The Pakistani military also controls the humanitarian response. It authorizes or denies access to aid organizations to certain parts of the country, determines which displaced populations are eligible for assistance and actively participates in reconstruction efforts, all activities that civil authorities should be leading. The military is also present in camps for the displaced, fearing infiltration by Taliban elements; and during a recent trip to Pakistan, I was told about searches being conducted by the military in Pakistan’s largest IDP camp- Jalozai Camp. The U.S. government contributes millions of dollars to the Pakistani government’s relief efforts for the displaced but hasn’t prioritized advocating that all displaced families receive government assistance.

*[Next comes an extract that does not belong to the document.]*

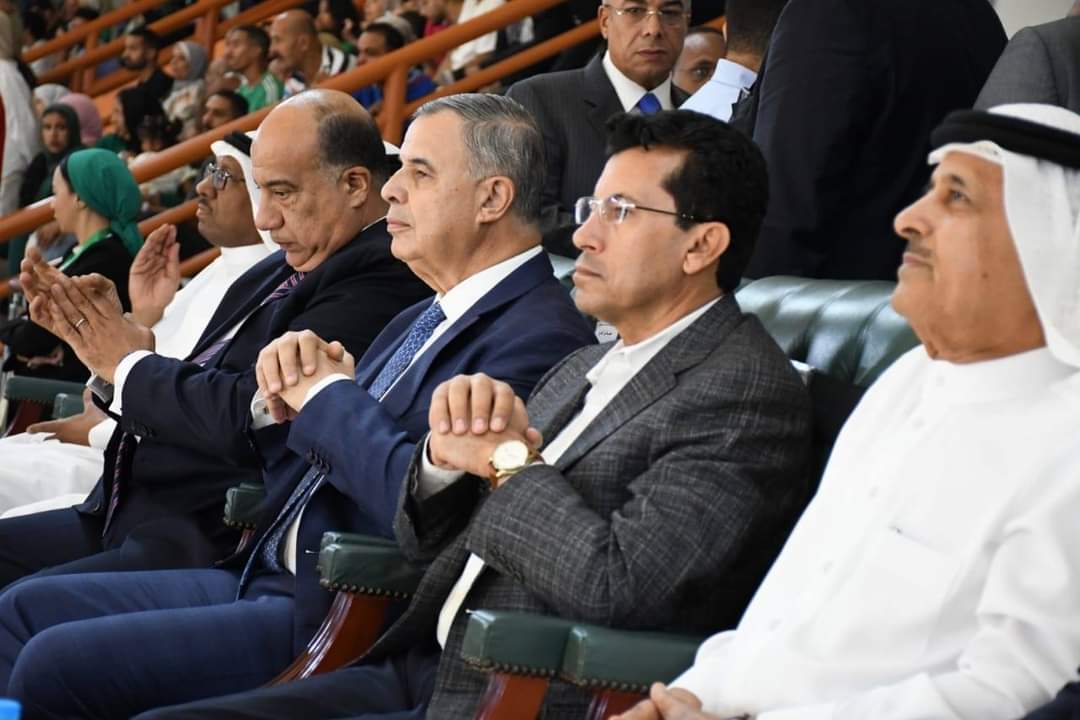 وزير الرياضة ومحافظ الإسكندرية يشهدان نهائي البطولة العربية للسلة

The conflict in Pakistan is not coming to a close any time soon. Some argue that the military operations are having their intended impact and disorienting armed militant groups while others argue that they are simply moving the militants around the country and into Afghanistan only to return once the government soldiers go home. But it would be a security nightmare if unchallenged military abuses lead to more extremism inside Pakistan and hostility towards the United States and it is abhorrent that thousands of Pakistan’s most vulnerable are being turned away from relief efforts in their greatest hour of need. The U.S. should publicly denounce military abuses against the Pakistani people and should work with the government to shift the humanitarian response to the civilian authorities and ensure that all Pakistani’s suffering from the war are supported and provided for. It’s not just strategic – it also happens to be the right thing to do.